Bugün sosyal medyada futbol tartışmalarına bakınca bu mesel aklıma geliyor.
Dün akşamki maçta verilmediği iddia edilen penaltı, milyonlarca insanın gündemini kaplamış durumda. Herkes kendi perspektifinden bir “felaket” anlatıyor. Haksızlık, rant, şike, adaletsizlik… İnsanlar birbirine öfkeleniyor, kızıyor, kırıyor, saatlerce hararetli tartışmalar dönüyor.
Oysa maçtaki pozisyon, hayatın bütünü içinde bir karıncanın önüne düşen gölgeden farksız.
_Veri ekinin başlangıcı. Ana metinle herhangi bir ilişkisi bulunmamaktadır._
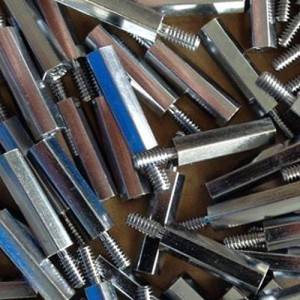  Metal Plating Work Manufacturers in Agra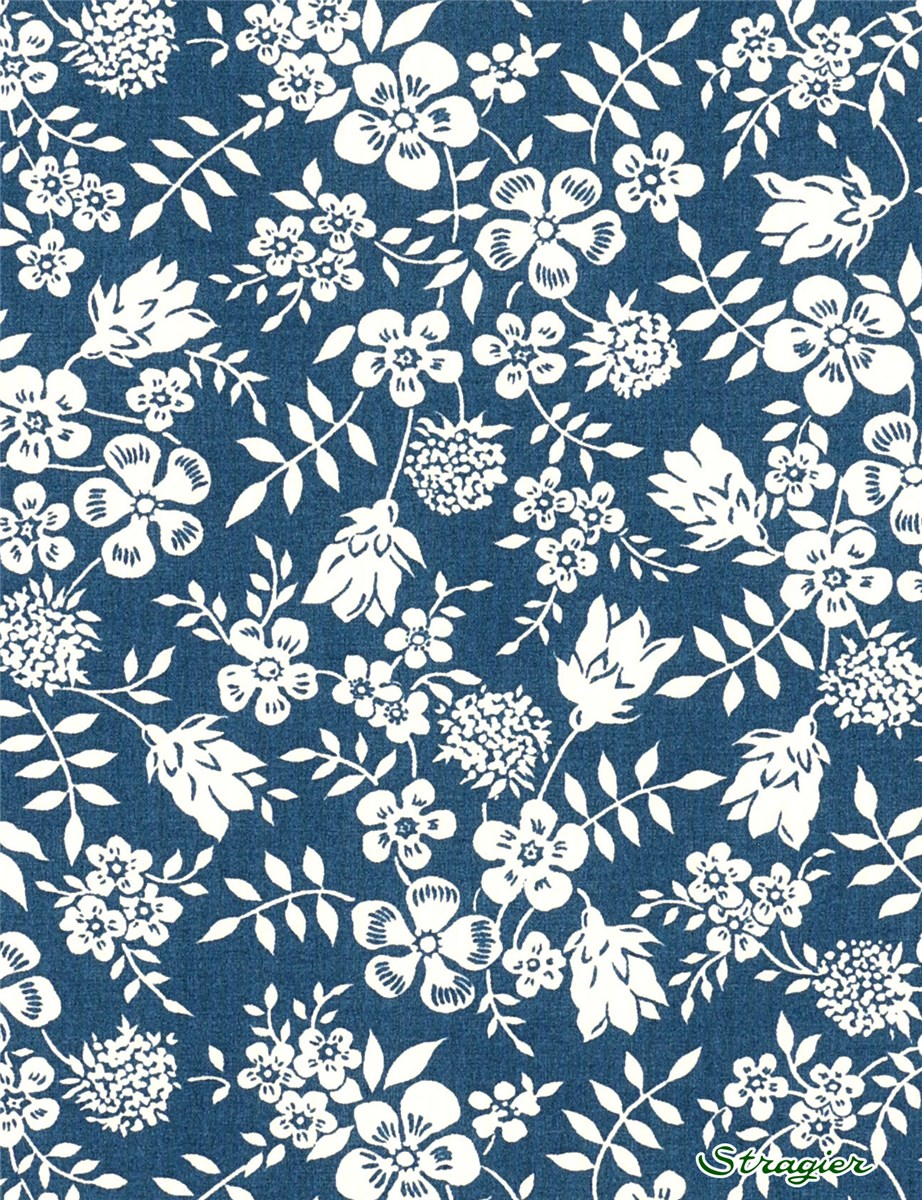 Liberty Tana Lawn - Edenham Shadow - C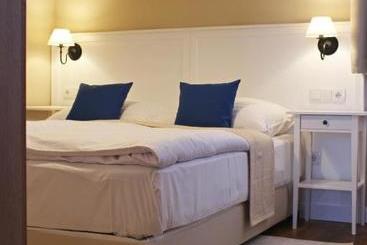 تختخواب و صبحانه Erhardt Superior Rooms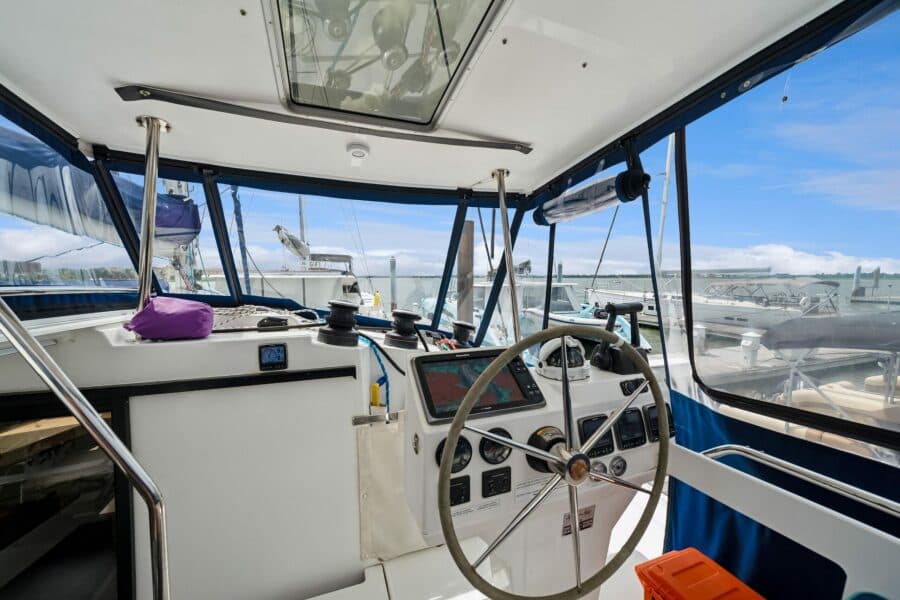 2014 Fountaine Pajot  - Photo 22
Maçı oynayanlar eğleniyor, tatiline gidiyor, ertesi güne hazırlanıyor. Onlar için hayat çoktan normale dönmüş durumda. Felaket, sadece bu tartışmalarla ömrünü tüketen taraftarın dünyasında yaşanıyor.
Biz sosyal medyada büyük ateşler yaktığımızı sanarken, gerçekte belki de sadece bir atın gölgesinde kalmış karıncalar gibiyiz. Gökyüzü kararıyor sandığımız şey, belki de başka birinin sıradan bir hareketi.
Belki de mesele şu:
Hangi biz gözle bakıyoruz?
Karıncanın gözüyle mi, insanın gözüyle mi?
Ve daha önemlisi:
Belki de biraz durup düşünmek gerekiyor: Gerçekten bir karşılaşma ya da bir pozisyon için bu kadar enerji tüketmeye değer mi?
Futbol güzel oyun…
Ama oyunu oynayanların bile bu kadar düşünmediği pozisyonları, hayatına dert eden insanları yoruyor.
Belki de bize düşen şey, hakemi ya da pozisyonu değil kendi zaman yönetimimizi sorgulamak…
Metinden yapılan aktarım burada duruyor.